Esta mañana he bajado a comprar la prensa. Hace años que abandoné la idea de seguir un periódico a diario, desde que me di cuenta de que cualquiera de ellos, de El País a ABC no eran más que meras copias unos de otros, con pinceladas quizá de un tono distinto en ocasiones, pero no por ello menos tóxicos.
Pero es domingo. Y los domingos si leo la prensa, en una tradición heredada de mi vida laboral, cuando trabajaba de lunes a sábado (los sábados, en casa, solía adelantar mucho trabajo, algo que hoy mucha gente ve de forma muy extraña). Los domingos me despertaba muy temprano, bajaba a por la prensa, le daba una ojeada mientras la tropa se levantaba, nos íbamos a misa y, por la tarde, mientras los chicos hacían deberes o, ya mayores, se iban a dar un garbeo, mi mujer y yo descansábamos: ella leía alguna novela, y yo hacía el crucigrama, antes de retomar el libro que me esperaba en el sillón.
Con el tiempo, solo hay un ingrediente nuevo: mi soledad. Me despierto muy temprano, compro la prensa, me voy directamente a misa, y al regreso, mientras desayuno, ojeo las mentiras que me quieren contar.
No sigo un mismo periódico. Mi fidelidad se la llevó el cierre de Arriba, y terminó de morir para la prensa en general cuando Rafael García Serrano murió y con el sus dietarios y tantas páginas estupendas. Ahora, hago como los niños: me quedo con la oferta mejor.
Esta temporada estoy siguiendo el periódico ABC, porque regalan cada domingo tres películas de lo que llamaré con cariño "mi época". Puede que sea un ejercicio de nostalgia, pero me sirve para encender de vez en cuando el televisor y ver algo que no es totalmente deleznable.
Pues bien, esta mañana me he encontrado con dos sorpresas: una desagradable y otra agradable.

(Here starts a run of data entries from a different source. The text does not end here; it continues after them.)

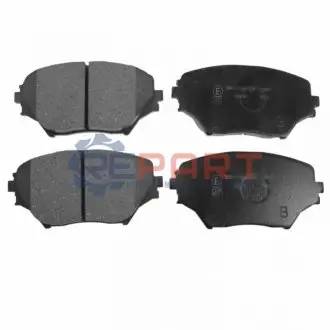 Комплект гальмівних колодок передн, TOYOTA RAV 4 II 1.8/2.0/2.0D 05.00-11.05 Febi Bilstein 116273 Купити в Україні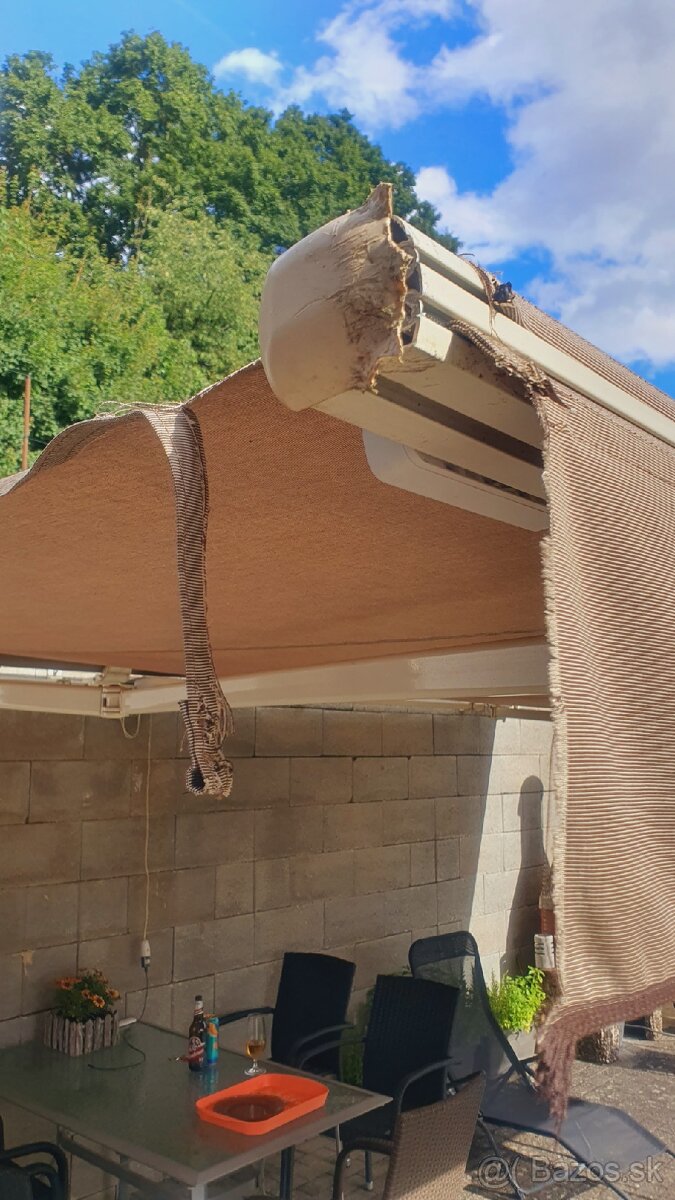 Elektrická markíza lamelland - 7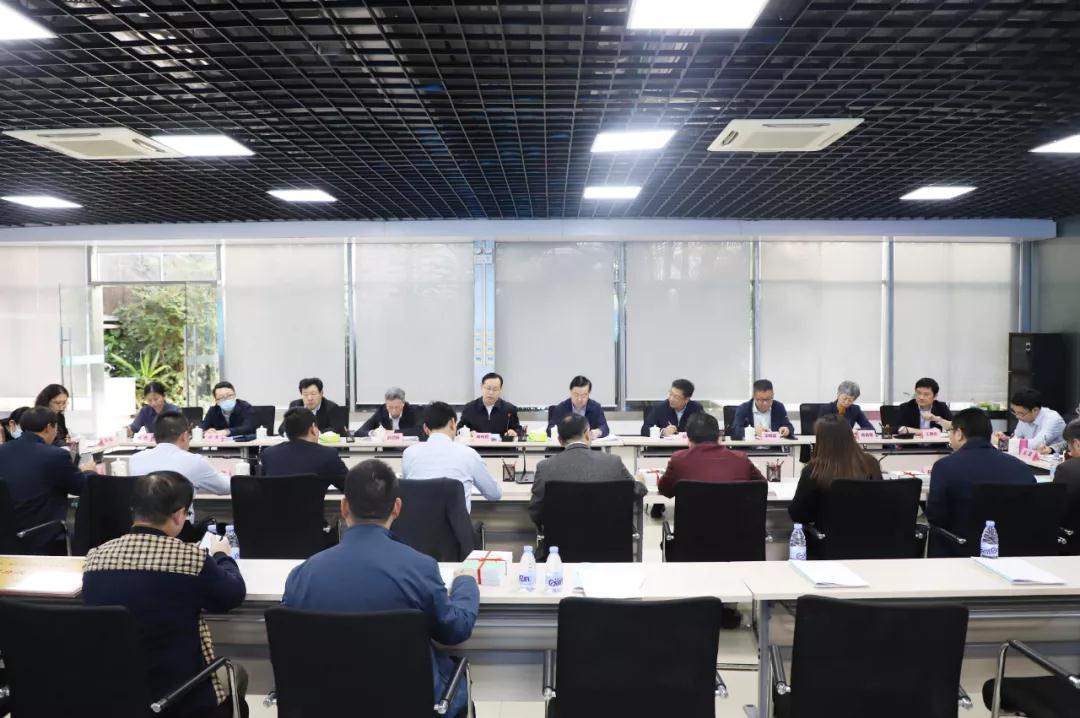 蒋作君曹鸿鸣赴致公党福建省农科院支部调研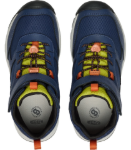 Kép KEEN Skua MID WP YOUTH bokacsizma naval academy/rogue green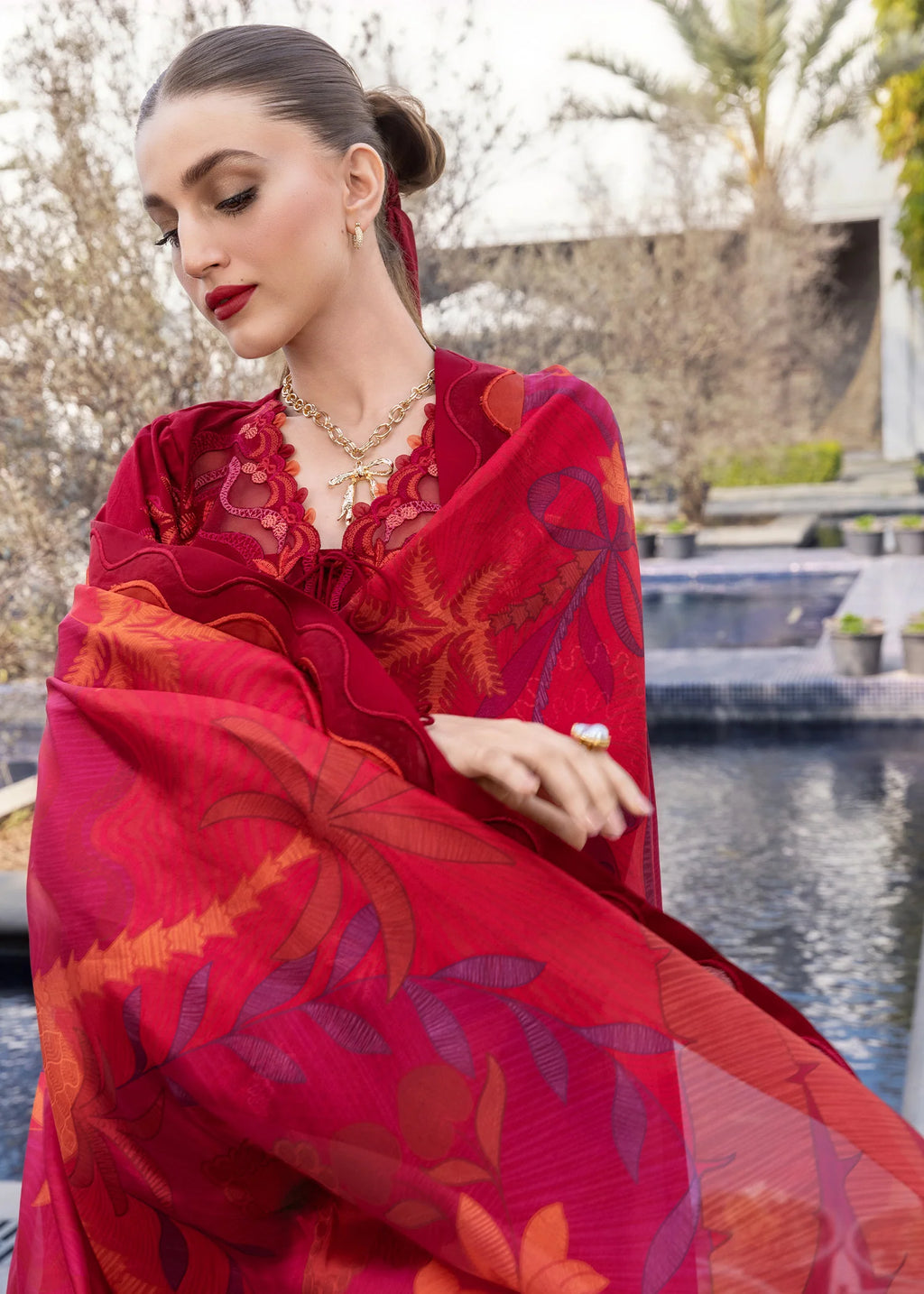 FLOW BY CRIMSON LAWN D-3A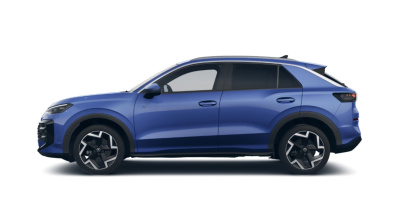 VW T-Roc 1.5 eTSI R-Line (pohľad zozadu)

Recién salido del quiosco, un niñato que tenía todos los indicios de arrastrar una borrachera desde el día anterior, quizá por verme con el ABC, quizá por reparar en la insignia de la división que siempre llevo en la chaqueta (lo dudo, me parece que muy poca gente sabe ya lo que significa este escudo), empezó a insultarme. Lo primero que me llamó fue facha, para seguir con una espiral de palabras irreproducibles.
Aunque mi cuerpo ya no me acompaña con la agilidad de hace años, mi palabra suele ser rápida. Pero no hizo falta ni que abriera la boca. De repente apareció una mano de no se sabe donde que le dejó el recuerdo de sus nudillos en la cara del espontáneo. Era un amigo de mi nieto Eduardo, que, casualidad, venía del trabajo (es vigilante de seguridad en una empresa de un polígono industrial) y desde lejos vio lo que se mascaba.
De bien nacidos es ser agradecidos, así que le dije que cuando descansara, pasara por casa para merendar y charlar. Acaba de irse hace unos minutos. Le he querido hacer un regalo cuando marchaba, pero me lo ha rechazado diciéndome que el mejor regalo que le podía hacer, ya se lo había dado esta tarde.
Y me he quedado de forma agradable doblemente sorprendido. Hacía mucho que no me encontraba con seres humanos así. Y quería compartirlo.